Functions are inlined if their cost (a static metric) is < 80 (default; configurable with -l flag).
A for loop, defer, recover, or closure typically blocks inlining.
go build -gcflags='-m -m' shows decisions.

$ go build -gcflags='-m=2' ./...
./order.go:14:6: can inline (*Order).subtotal
./order.go:23:18: inlining call to (*Order).subtotal
./order.go:8:6: cannot inline (*Order).Total: function too complex

Mid-stack inlining¶

Go 1.10+ added mid-stack inlining: a small caller of a small callee can inline both into the outermost frame. Effect: many Extract Method-style refactorings cost zero in Go.

Profile-Guided Optimization (Go 1.21+)¶

Capture a real-world profile (go test -cpuprofile) and pass it to go build. The compiler now knows which call sites are hot and inlines aggressively at those sites. PGO can recover much of the polymorphism perf you'd otherwise lose to interface dispatch.

Interface dispatch¶

Calling through a Go interface is always a virtual call (itab lookup, indirect). Unlike Java's HotSpot, the Go compiler historically didn't devirtualize. PGO changes this for hot sites.

Python: bytecode, no inlining, but…¶

CPython has no inliner. Every method call goes through the standard call protocol (CALL_FUNCTION opcode → PyEval_EvalFrameEx → frame creation → execution).

Cost¶

A Python method call costs ~50–500ns of pure overhead, before the body runs. For tight loops, this dominates.

Implications for refactoring¶

Extract Method: a hot loop calling an extracted helper N times pays N × 100ns. For N=10M, that's a second of overhead.
Replace Temp with Query: same — each query call adds overhead.
Inline Method: a real perf win in tight Python loops.

Tools¶

PyPy — JIT-compiled CPython subset. Composing Methods refactorings are roughly free under PyPy. If your code runs on PyPy, ignore this section.
Cython — annotate hot paths with C types. Inlining works.
Numba — JIT for numerical Python.
C extensions — for any hot inner loop.

Practical Python rule: write clear code (Extract Method liberally) for the 99% of code that isn't hot. Profile, find the 1%, and either drop to C / use Numba / vectorize with NumPy.

Profile-guided refactoring¶

The discipline of measuring before refactoring for performance reasons:

The flow¶

Measure: profile prod (or a realistic load test).
Identify the hot path (10% of code that runs 90% of the time — Pareto holds).
Apply Composing Methods refactorings to the hot path with special considerations:
Inline rather than Extract.
Avoid Replace Temp with Query for non-pure expressions.
Avoid allocations even if escape analysis "should" handle them.
Re-measure.
Apply normal Composing Methods refactorings to everything else, freely.

What this prevents¶

The two biggest mistakes:

Optimizing cold code.

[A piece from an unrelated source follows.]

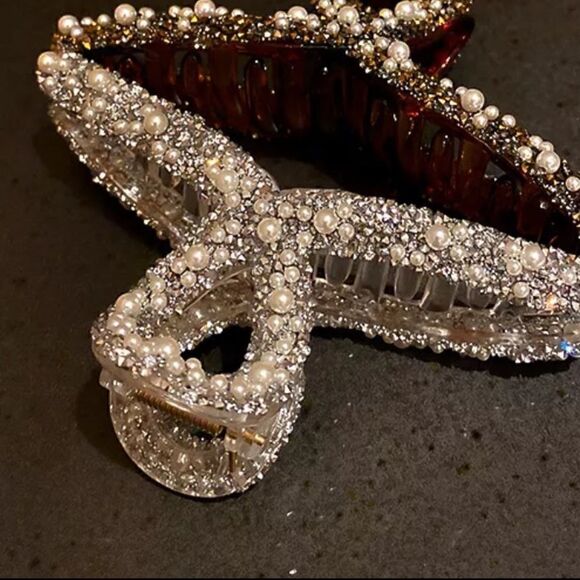 💞Clear Large Pearl Jaw Hair Clips - Picture 3 of 7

Writing convoluted versions of code that runs once a day.
Pessimizing hot code. "Cleaning up" a tight loop into a stream pipeline that allocates 3 iterators per iteration.

Tools¶

Language	Profiler
Java	JFR (built-in), async-profiler, VisualVM
Go	`pprof` (built-in)
Python	`cProfile`, `py-spy`, `scalene`
Native	perf, Instruments, VTune

Review questions¶

What does Extract Method cost in JVM bytecode? In steady-state JIT?
Explain MaxInlineSize and FreqInlineSize.
How do escape analysis and scalar replacement make Method Object free?
When does Replace Temp with Query become a real perf cost?
Why might you Inline Method even if JIT was already inlining it?
What's the difference between monomorphic and megamorphic call sites for perf?
What does -XX:+PrintInlining tell you?
Why do most micro-benchmarks of Substitute Algorithm lie?
How does Go's PGO interact with these refactorings?
Why is Inline Method sometimes the best refactoring in CPython hot loops?